Query planner issues are a general problem in postgres and is not unique to this problem. Not sure what O(1) means in this context. I am not sure pg has ever been able to promise constant-time access to anything; indeed, with an index, it'd never be asymptotically upper bounded as constant time at all?

  • By the time you need append-only job statuses it's better to move to a dedicated queue. Append-only statuses help but they also make the polling query a lot more expensive.

    Deleting older rows is a nightmare at scale. It leaves holes in the earlier parts of the table and nerfs half the advantage of using append-only in the first place. You end up paying 8kb page IO costs for a single job.

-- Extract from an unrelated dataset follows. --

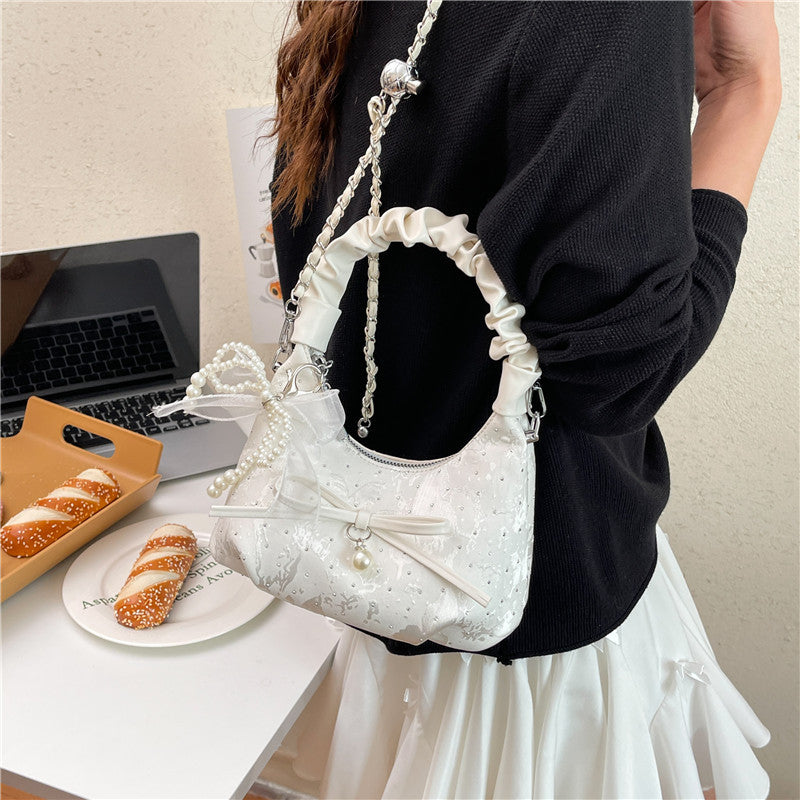 Elegante Schultertasche mit Schleifenverzierung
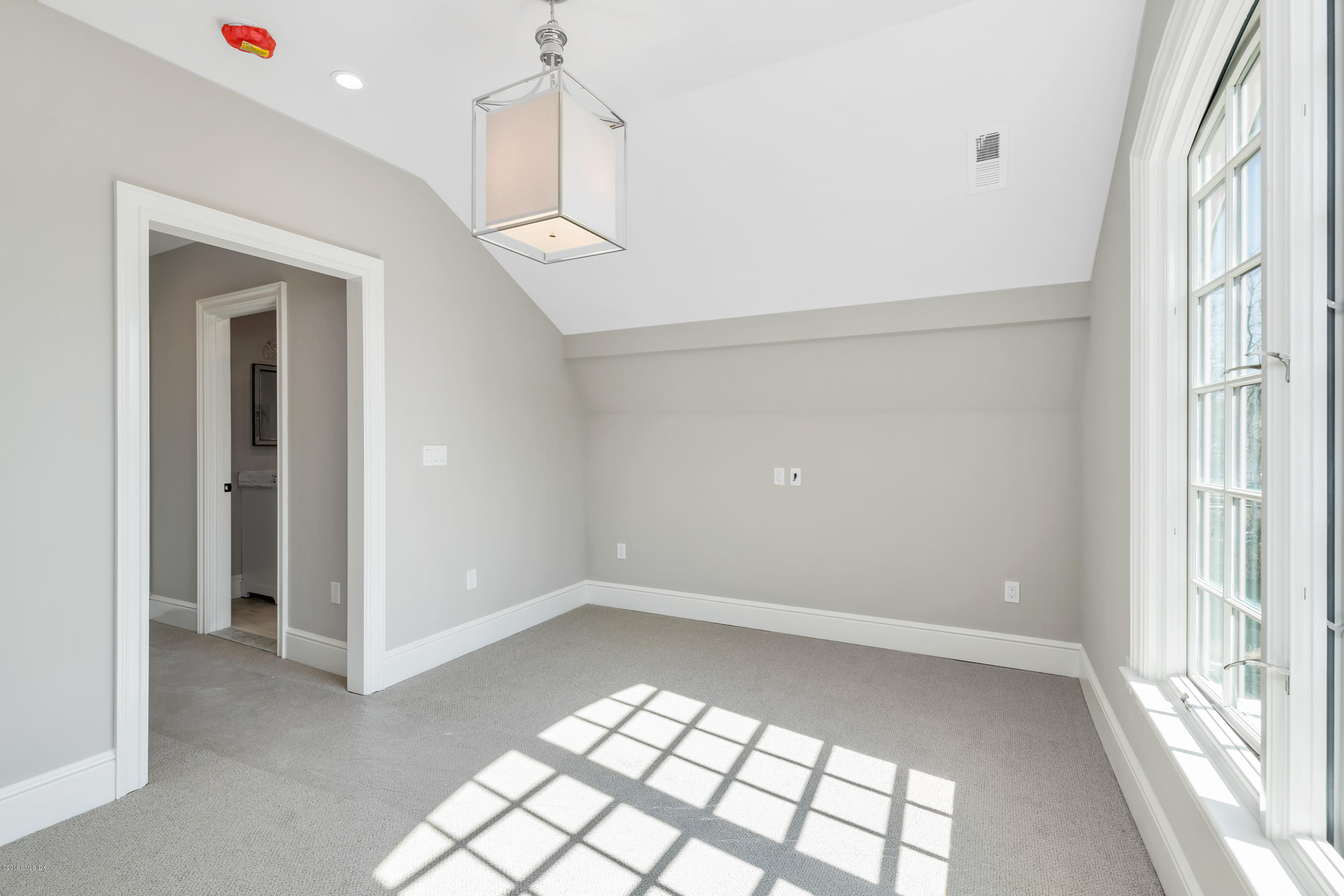 350 Riverside Avenue, Unit B Riverside, CT 06878 - Photo 13 of 15 a view of an empty room and window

    Dedicated queues have constant time operations for enqueue and dequeue which don't blow up at random times.

    • With a partitioned table you can painlessly remove old rows. Of course, you then have to maintain your partitions, but that's trivial.

      1 reply →

    • partitions are often used to drop old data in constant time.

      They can also help to mitigate io issues if you use your insertion timestamp as the partition key and include it in your main queries.

      1 reply →

Indeed, that's my experience too. We used partitions like others mentioned below, but Postgres had issues with moving rows across tables atomically and had to implement our custom complex queries to overcome it. Plus job expiration was dynamic and had to use background cleaning. The bigger problem was with the planner not able to pick up sudden changes in volume and had to use a cron to run analyze on it. Managing retries with backoffs, etc.. At some point we stopped fighting it and just moved to SQS, we have zero problems since, no maintenence needed, and it's still free so we saved storage cost, time and developer effort for ongoing maintenance.

We still use Postgres for simple queues, but those don't really require a library as it's quite simple usually, with some advisory locks we can handle the crashed job unlocking fairly well too.

> LISTEN/NOTIFY doesn't work through connection pooling

What's the problem with using it with connection pooling?